## TASK TO CARRY OUT:
The expected result is an exact restatement of the data, free of pictures.

## COLLECTED DATA:
- - - -
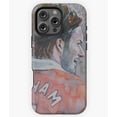 thumbnail image 1 of David Beckham Portrait Fan Art - Chic Phone M3214 Phone Case for iPhone 17 16 15 14 13 12 11 Pro Max, 1 of 2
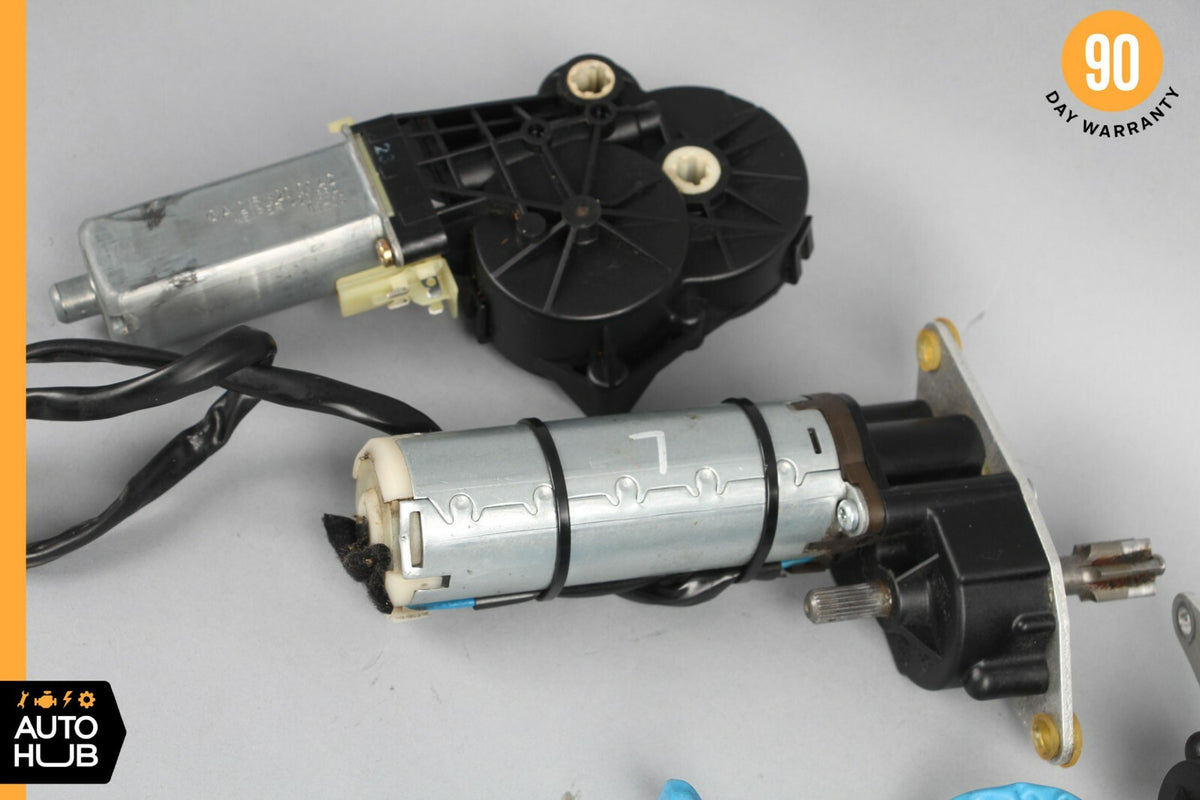 03-12 Mercedes R230 SL500 SL550 SL600 Front Left Seat Adjust Motor Set OEM - photo 11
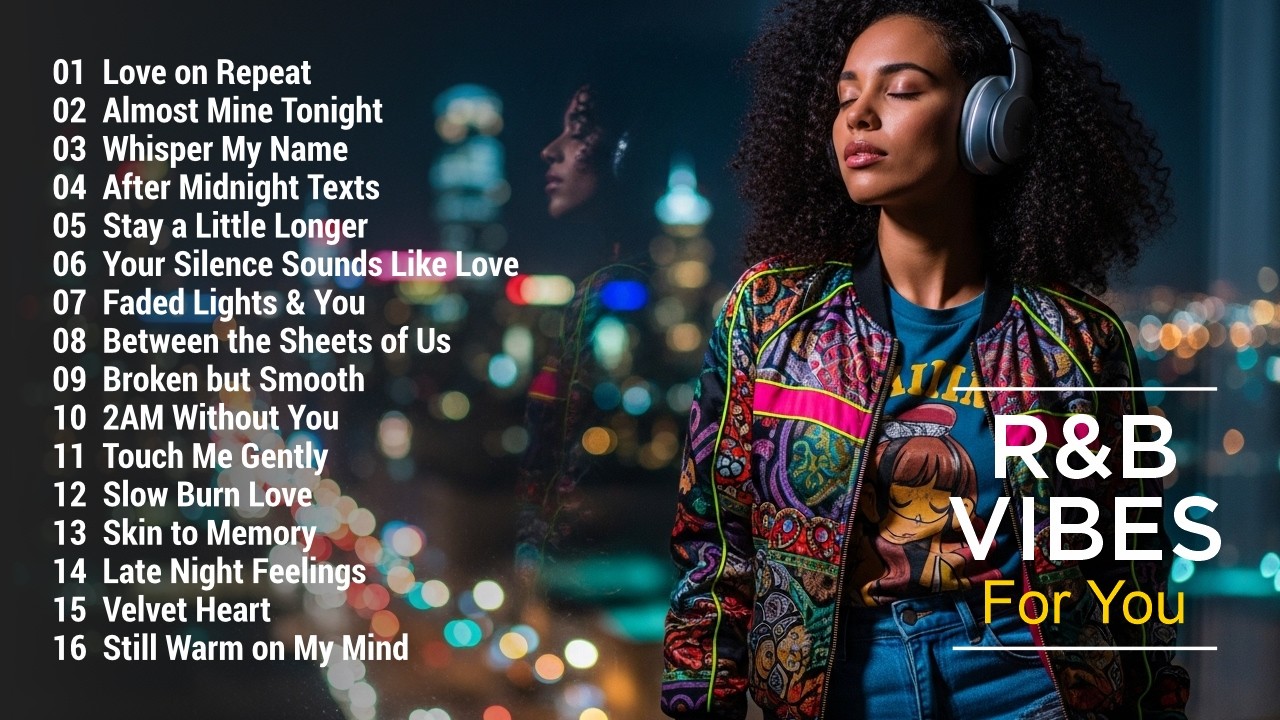 Soft R&B Soul Music – Gentle Vocals for Deep Relaxation | Relaxing R&B Soul Music for Healing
- - - -
## REPLY TO THE TASK:
 thumbnail image 1 of David Beckham Portrait Fan Art - Chic Phone M3214 Phone Case for iPhone 17 16 15 14 13 12 11 Pro Max, 1 of 2
 03-12 Mercedes R230 SL500 SL550 SL600 Front Left Seat Adjust Motor Set OEM - photo 11
 Soft R&B Soul Music – Gentle Vocals for Deep Relaxation | Relaxing R&B Soul Music for Healing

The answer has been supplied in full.